# initial.es -- set up initial interpreter state ($Revision: 1.1.1.1 $)


#
# Introduction
#

#	Initial.es contains a series of definitions used to set up the
#	initial state of the es virtual machine.  In early versions of es
#	(those before version 0.8), initial.es was turned into a string
#	which was evaluated when the program started.  This unfortunately
#	took a lot of time on startup and, worse, created a lot of garbage
#	collectible memory which persisted for the life of the shell,
#	causing a lot of extra scanning.
#
#	Since version 0.8, building es is a two-stage process.  First a
#	version of the shell called esdump is built.  Esdump reads and
#	executes commands from standard input, similar to a normal interpreter,
#	but when it is finished, it prints on standard ouput C code for
#	recreating the current state of interpreter memory.  (The code for
#	producing the C code is in dump.c.)  Esdump starts up with no
#	variables defined.  This file (initial.es) is run through esdump
#	to produce a C file, initial.c, which is linked with the rest of
#	the interpreter, replacing dump.c, to produce the actual es
#	interpreter.
#
#	Because the shell's memory state is empty when initial.es is run,
#	you must be very careful in what instructions you put in this file.
#	For example, until the definition of fn-%pathsearch, you cannot
#	run external programs other than those named by absolute path names.
#	An error encountered while running esdump is fatal.
#
#	The bulk of initial.es consists of assignments of primitives to
#	functions.  A primitive in es is an executable object that jumps
#	directly into some C code compiled into the interpreter.  Primitives
#	are referred to with the syntactic construct $&name;  by convention,
#	the C function implementing the primitive is prim_name.  The list
#	of primitives is available as the return value (exit status) of
#	the primitive $&primitives.  Primitives may not be reassigned.
#
#	Functions in es are simply variables named fn-name.  When es
#	evaluates a command, if the first word is a string, es checks if
#	an appropriately named fn- variable exists.  If it does, then the
#	value of that variable is substituted for the function name and
#	evaluation starts over again.  Thus, for example, the assignment
#		fn-echo = $&echo
#	means that the command
#		echo foo bar
#	is internally translated to
#		$&echo foo bar
#	This mechanism is used pervasively.
#
#	Note that definitions provided in initial.es can be overriden (aka,
#	spoofed) without changing this file at all, just by redefining the
#	variables.  The only purpose of this file is to provide initial
#	values.


#
# Builtin functions
#

#	These builtin functions are straightforward calls to primitives.
#	See the manual page for details on what they do.

fn-.		= $&dot
fn-access	= $&access
fn-break	= $&break
fn-catch	= $&catch
fn-echo		= $&echo
fn-exec		= $&exec
fn-forever	= $&forever
fn-fork		= $&fork
fn-if		= $&if
fn-newpgrp	= $&newpgrp
fn-result	= $&result
fn-throw	= $&throw
fn-umask	= $&umask
fn-wait		= $&wait

fn-%read	= $&read

#	eval runs its arguments by turning them into a code fragment
#	(in string form) and running that fragment.

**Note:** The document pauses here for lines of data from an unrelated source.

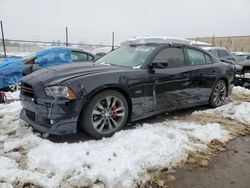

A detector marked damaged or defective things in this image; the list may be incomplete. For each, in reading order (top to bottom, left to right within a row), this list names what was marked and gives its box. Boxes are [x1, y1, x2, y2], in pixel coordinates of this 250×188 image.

damaged front bumper [20, 94, 86, 134] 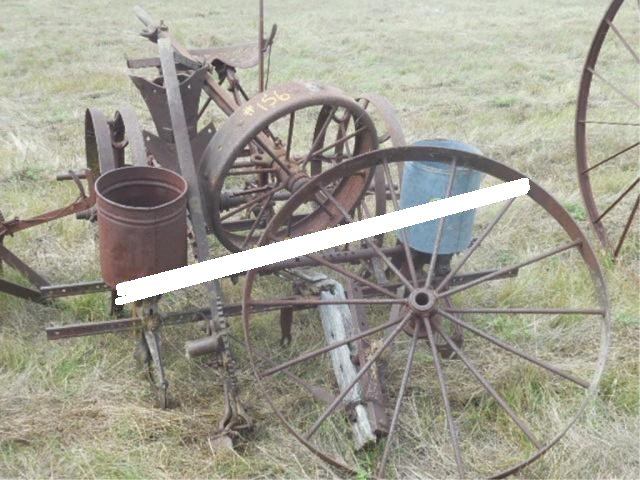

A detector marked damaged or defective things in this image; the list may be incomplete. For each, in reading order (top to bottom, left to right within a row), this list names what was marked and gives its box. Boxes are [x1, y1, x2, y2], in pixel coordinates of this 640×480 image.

rusty metal bucket [95, 167, 188, 288]
rusted iron wheel rim [201, 82, 380, 253]
rusted iron wheel rim [244, 145, 608, 476]
rusted iron wheel rim [576, 0, 636, 258] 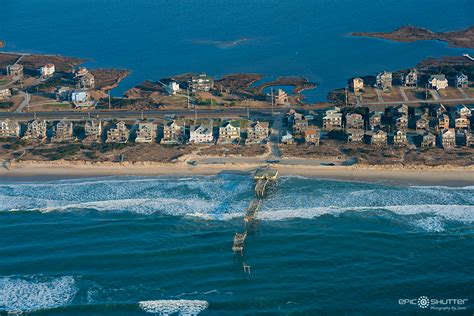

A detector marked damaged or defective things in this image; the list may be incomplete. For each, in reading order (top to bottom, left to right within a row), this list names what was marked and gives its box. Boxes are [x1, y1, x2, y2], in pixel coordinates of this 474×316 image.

damaged fishing pier [232, 169, 278, 266] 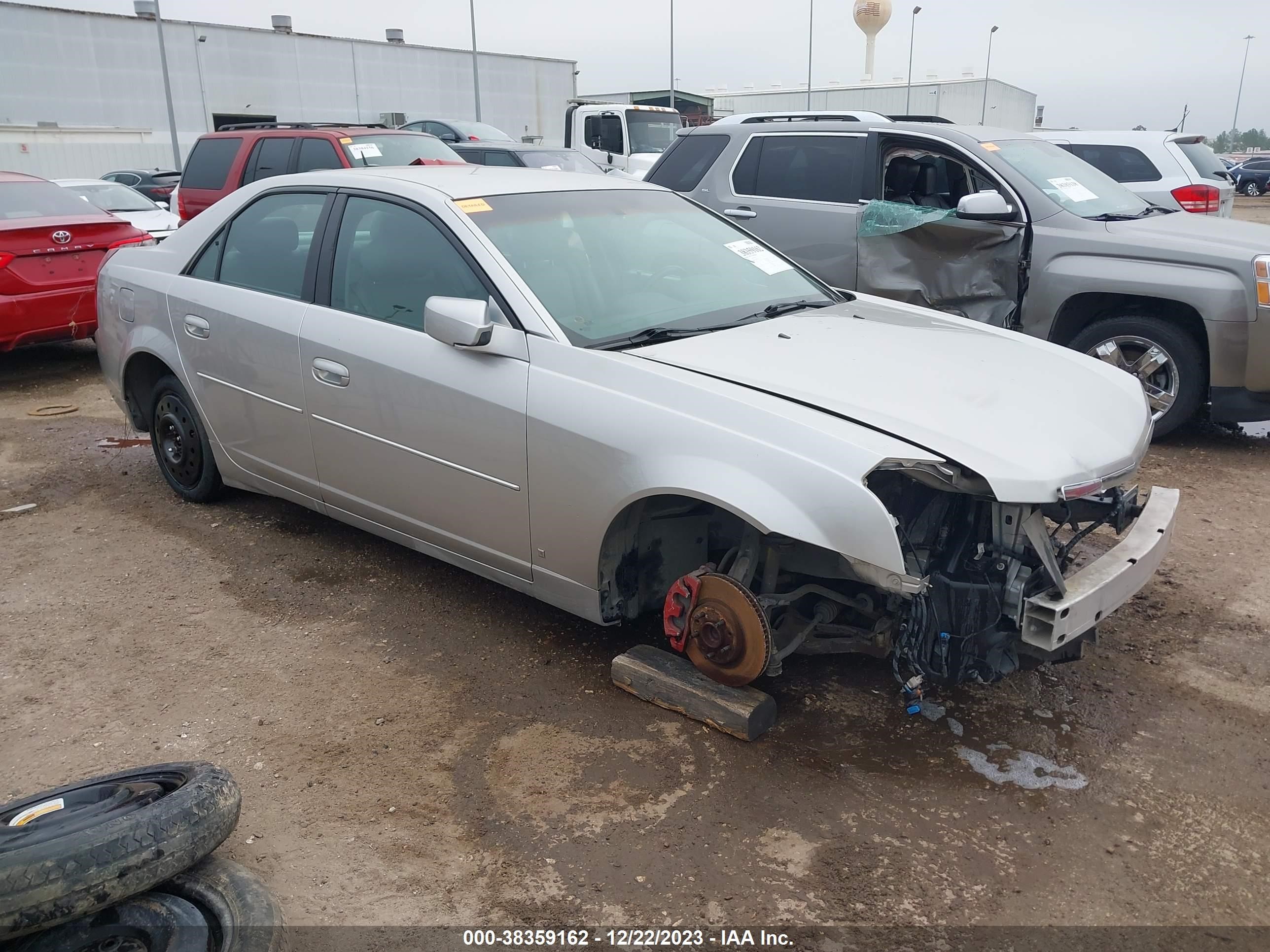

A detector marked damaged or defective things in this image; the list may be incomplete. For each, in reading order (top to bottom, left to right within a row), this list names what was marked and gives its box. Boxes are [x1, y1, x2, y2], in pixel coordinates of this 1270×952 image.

damaged front end [868, 459, 1173, 690] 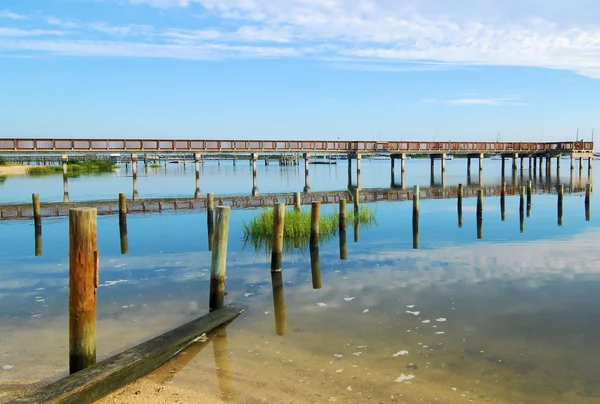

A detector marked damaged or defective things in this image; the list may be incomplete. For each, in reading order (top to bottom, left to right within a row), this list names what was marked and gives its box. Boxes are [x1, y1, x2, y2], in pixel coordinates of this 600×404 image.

rusty brown piling [70, 208, 99, 376]
rusty brown piling [210, 207, 231, 310]
rusty brown piling [270, 270, 288, 336]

fn eval { '{' ^ $^* ^ '}' }

#	Through version 0.84 of es, true and false were primitives,
#	but, as many pointed out, they don't need to be.  These
#	values are not very clear, but unix demands them.

fn-true		= result 0
fn-false	= result 1

#	These functions just generate exceptions for control-flow
#	constructions.  The for command and the while builtin both
#	catch the break exception, and lambda-invocation catches
#	return.  The interpreter main() routine (and nothing else)
#	catches the exit exception.

fn-break	= throw break
fn-exit		= throw exit
fn-return	= throw return

#	unwind-protect is a simple wrapper around catch that is used
#	to ensure that some cleanup code is run after running a code
#	fragment.  This function must be written with care to make
#	sure that the return value is correct.

fn-unwind-protect = $&noreturn @ body cleanup {
	if {!~ $#cleanup 1} {
		throw error unwind-protect 'unwind-protect body cleanup'
	}
	let (exception = ) {
		let (
			result = <={
				catch @ e {
					exception = caught $e
				} {
					$body
				}
			}
		) {
			$cleanup
			if {~ $exception(1) caught} {
				throw $exception(2 ...)
			}
			result $result
		}
	}
}

#	These builtins are not provided on all systems, so we check
#	if the accompanying primitives are defined and, if so, define
#	the builtins.  Otherwise, we'll just not have a limit command
#	and get time from /bin or wherever.

if {~ <=$&primitives limit} {fn-limit = $&limit}
if {~ <=$&primitives time}  {fn-time  = $&time}

#	These builtins are mainly useful for internal functions, but
#	they're there to be called if you want to use them.

fn-%apids	= $&apids
fn-%fsplit      = $&fsplit
fn-%newfd	= $&newfd
fn-%run         = $&run
fn-%split       = $&split
fn-%var		= $&var
fn-%whatis	= $&whatis

#	These builtins are only around as a matter of convenience, so
#	users don't have to type the infamous <= (nee <>) operator.
#	Whatis also protects the used from exceptions raised by %whatis.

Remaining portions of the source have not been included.